The use of FL will enable the application of machine learning methods to customer data while preserving privacy. The bank takes on the role of a decentralized computing unit and evaluates its own local data. Only the generated AI models then leave the bank after the model training and are made available to the participants in Open Banking on a central marketplace. In this way, the participants in the Open Banking Ecosystem receive joint insights from the data and can incorporate them into their own value creation.
A mandatory FL regime?
Having discussed the benefits of FL, we may now consider the viability of a mandatory FL regime in targeted sectors. There is no doubt that an optimally trained AI model that has been exposed to diverse datasets shall be making invaluable contributions to the advancement of specific sectors of the economy. It must be noted that healthcare and finance are merely two such examples of a sector of the economy that involves highly sensitive personal data and shall benefit from the wider adoption of AI-based APIs. Research may identify other similar areas that may benefit from free access to personal data under an FL regime.

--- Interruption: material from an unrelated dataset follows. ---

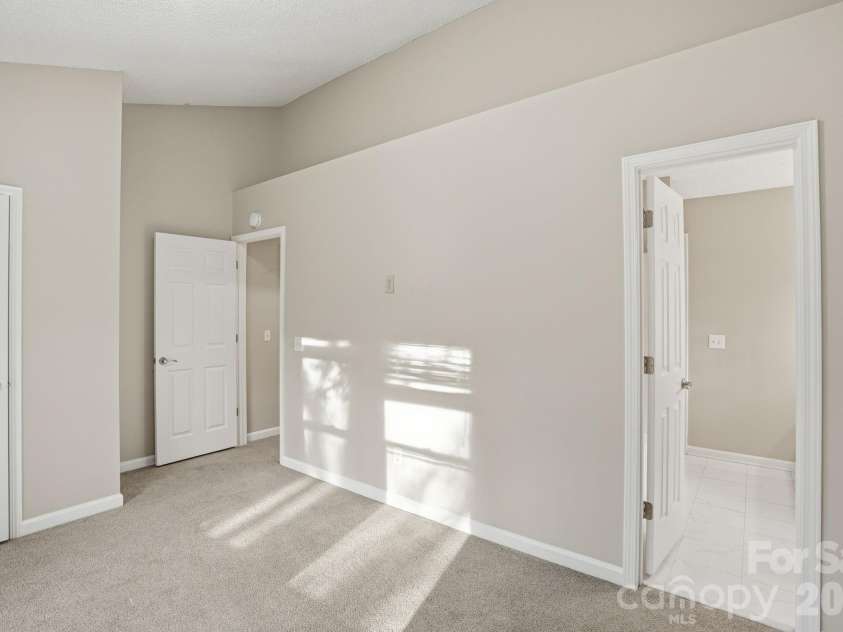 4915 Benthaven Lane, Charlotte, NC 28269.  MLS# CAR4357393, YatesRealty ID 14802.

There is a unique opportunity available to the CG to utilise delegated legislation to bring sector-specific regulations that simultaneously balance privacy rights while spurring economic growth. It is a general consensus that the 2022 Bill is primarily a skeletal legislation that confers the CG with extensive rule-making powers. While the extensive delegation has been widely criticised, it does provide the opportunity for targeted regulations. The CG ought to use its powers under Clause 26 of the Bill to introduce regulations specific to the sectors identified above and others, much akin to the Information Technology (Reasonable Security Practices and Procedures and Sensitive Personal Data or Information) Rules, 2011.
It must be noted that added benefits of such regulations may include low bandwidth utilisation, thus freeing up a large amount of internet traffic. It also shall encourage competition and innovation as FL architectures save a significant amount of capital investment that is required to set up data silos. This is in addition to the fact that since the calculation and training shall be performed in the end device (or the device at the local level) itself, there is no longer a requirement for high-performance servers. It shall naturally benefit start-ups and small technology firms, which is one of the stated goals of the Digital India programme and the upcoming Digital India Act.
Conclusion
Developers have been using centralised data to train AI models after the production stage, triggering data privacy concerns. A viable solution can be found in the concept of FL that has been successfully deployed to train AI-based applications like Google’s Gboard. FL uses the end device to train a default AI model and uploads only the parameters to a higher node. The central server aggregates the received models and issues a global update of an efficient and well-trained model. The CG ought to use the vast rule-making power it has under the DPDP Bill to make sector-specific regulations that mandate the use of FL while training AI models that operate in an environment with highly sensitive personal data such as healthcare and finance. Further research may be conducted to identify other relevant sectors where a centralised database poses a significant threat to data security and privacy, and the feasibility of FL in them.